Step 1: Materials Needed
(1x) Arduino UNO
(1x) Breadboard (please note: any breadboard will work. the above photo is of an Arduino Breadboard)
(1x) 6V DC Buzzer
(1x) HC-SR04 Ultrasonic Sensor
(6x) Jumper Wires
Step 2: The Setup
The photo above is the setup of the board. Connect the jumper wires as follows to connect the breadboard and Arduino UNO together:
Connect a jumper wire from the 5 volt pin on the Arduino UNO to the bottom channel of the breadboard
Connect another jumper wire from a ground pin on the Arduino UNO to the upper channel of the breadboard
Ultrasonic Sensor (4 pins on sensor)
Its best to connect the sensor to the corner of the breadboard without any obstruction
Using jumper wires:
Gnd -> GND----------------------connect the GND on the sensor with top channel of the breadboard (GND)
Echo -> pin 6 --------------------connect the ECHO on the sensor to pin 6 on the Arduino Uno
Trig -> pin 7 ----------------------connect the Trig on the sensor to pin 7 on the Arduino Uno
Vcc -> 5V-------------------------connect the Vcc on the sensor to the bottom channel of the breadboard (5v)
Buzzer
red wire -> pin 3----------------connect the red wire on the buzzer to pin 3 on the Arduino UNO
black wire -> GND-------------connect the black wire to the top channel of the breadboard (GND)
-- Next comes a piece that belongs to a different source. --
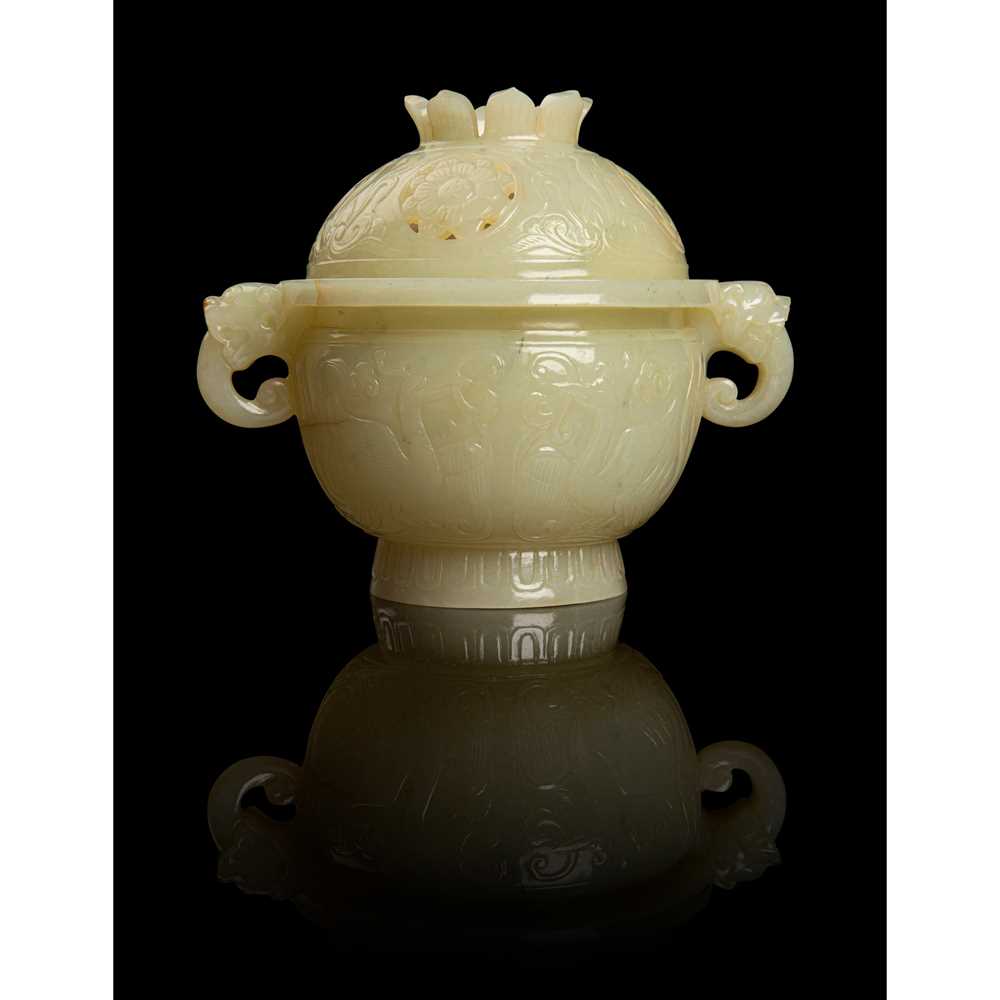 Lot 13 - YELLOWISH PALE CELADON JADE CENSER WITH COVER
If you want the buzzer to have a lower volume, connect a 330 ohm resistor to the GND wire.
Step 3: The Code
Original code by flynn_munroe
Refined and edited.
Once you have completed the physical circuit, now you plug in the code for the Arduino UNO. Copy and paste the code below.
#define trigPin 7
#define echoPin 6
#define buzzer 3
int sound = 250;
void setup() {
Serial.begin (9600);
pinMode(trigPin, OUTPUT);
pinMode(echoPin, INPUT);
pinMode(buzzer, OUTPUT);
}
void loop() {
long duration, distance;
digitalWrite(trigPin, LOW);
delayMicroseconds(2);
digitalWrite(trigPin, HIGH);
delayMicroseconds(10);
digitalWrite(trigPin, LOW);
duration = pulseIn(echoPin, HIGH);
distance = (duration/2) / 29.1;
if (distance <= 30) {
digitalWrite;
sound = 600;
}
else {
digitalWrite;
}
if (distance < 25) {
digitalWrite;
sound = 400;
}
else {
digitalWrite;
}
if (distance < 20) {
digitalWrite;
sound = 350;
}
else {
digitalWrite;
}
if (distance < 15) {
digitalWrite; sound = 250;
}
else {
digitalWrite;
}
if (distance < 10) {
digitalWrite;
sound = 50;
}
else {
digitalWrite;
}
if (distance < 5) {
digitalWrite;
sound = 50;
}
else {
digitalWrite;
}
if (distance > 30 || distance <= 0){
Serial.println("Out of range");
noTone(buzzer);
}
else {
Serial.print(distance);
Serial.println(" cm");
tone(buzzer, sound);
}
delay(500);
}
Once you have the code, plug in the Arduino UNO and upload it. The sensor is now ready for use. If you want to change the volume of the buzzer the closer it gets, change the number for the sound. ie (sound=250)
Step 4: Refine and Develop
Once you have the sensor working, you can now refine the model and make it smaller. We chose to make the sensor into a wearable object by replacing the Arduino UNO with the Arduino Lilypad. We 3D printed an appropriate housing that can be clipped onto the back of your backpack.
Step 5: Accessible Alternative Design
Being that public safety is universally sought out, making this sensor accessible for to all is an important factor. Since the electronic parts are relatively inexpensive and easy to find, the housing for the sensor can be made out of a tupperware container, a tin can, or even cardboard box making the design more economic while retaining the quality of the sensor.